Print the listing below exactly, minus its pictures.

== SUPPLIED INFORMATION ==

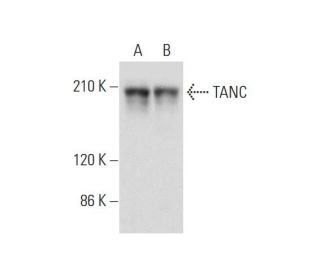 TANC Antibody (H-8) - Western Blotting - Image 325136Each CRISPR/Cas9 Knockout (KO) Plasmid product consists of a pool of 3 plasmids designed to ensure identification and cleavage of a specific gene for maximum knockout efficiency. Each plasmid encodes a unique 20 nt sequence derived from the GeCKO (v2) library.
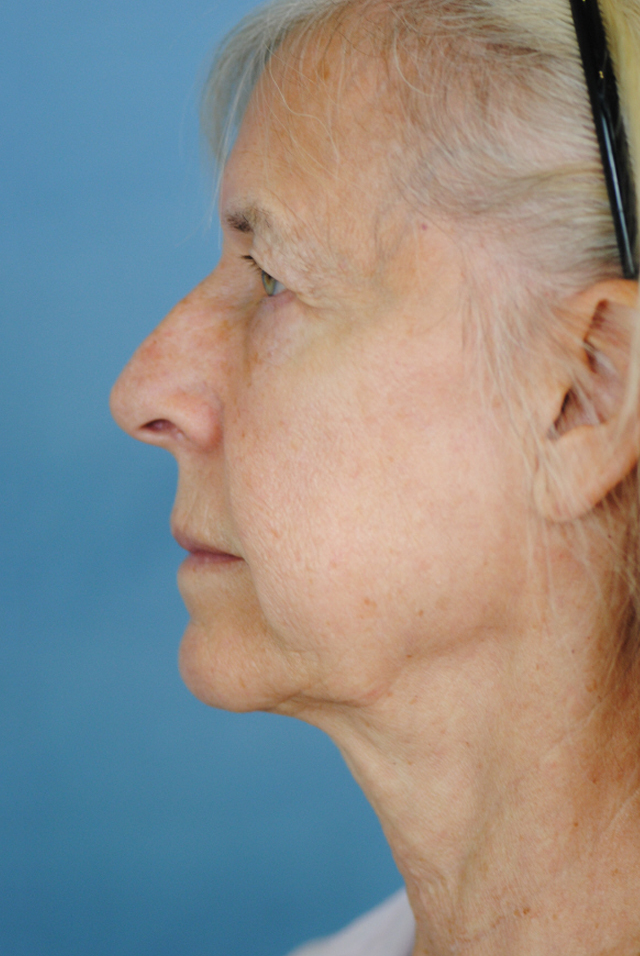 Charleston Custom Lift Facelift Before and After | Thomas Funcik MD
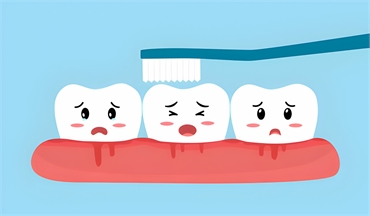 Don't Let Bleeding Gums Ruin Your Smile Tips for Prevention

===

▸ ANSWER BOX
 TANC Antibody (H-8) - Western Blotting - Image 325136Each CRISPR/Cas9 Knockout (KO) Plasmid product consists of a pool of 3 plasmids designed to ensure identification and cleavage of a specific gene for maximum knockout efficiency. Each plasmid encodes a unique 20 nt sequence derived from the GeCKO (v2) library.
 Charleston Custom Lift Facelift Before and After | Thomas Funcik MD
 Don't Let Bleeding Gums Ruin Your Smile Tips for Prevention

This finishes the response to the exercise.